**What to produce:** Work through the listing below and give again exactly the lines from the one with "A pink iridescent" to the one with "living area featuring", both ends included. All other lines and all pictures stay out.

**Excerpted records:**
- Opening Delimiter -
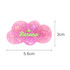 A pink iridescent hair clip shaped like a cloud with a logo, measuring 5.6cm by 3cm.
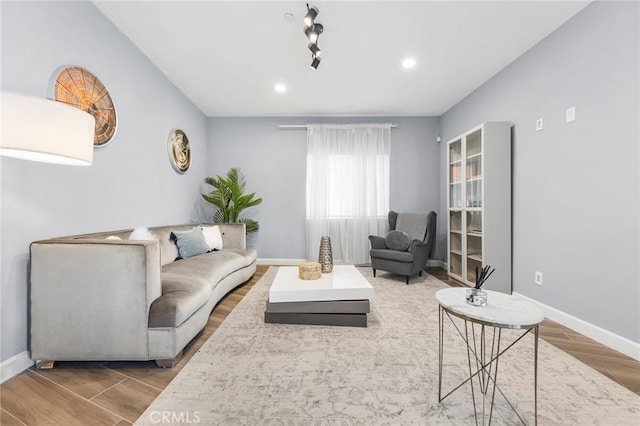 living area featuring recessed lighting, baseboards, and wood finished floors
- Closing Delimiter -
- Opening Delimiter -
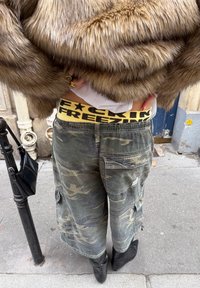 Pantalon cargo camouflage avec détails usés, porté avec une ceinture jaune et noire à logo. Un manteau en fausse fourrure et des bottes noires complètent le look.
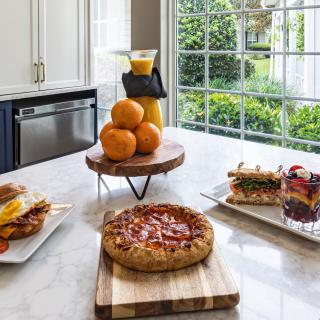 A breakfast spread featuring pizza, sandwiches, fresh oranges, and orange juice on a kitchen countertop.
- Closing Delimiter -
**Solution to this task:**
 A pink iridescent hair clip shaped like a cloud with a logo, measuring 5.6cm by 3cm.
 living area featuring recessed lighting, baseboards, and wood finished floors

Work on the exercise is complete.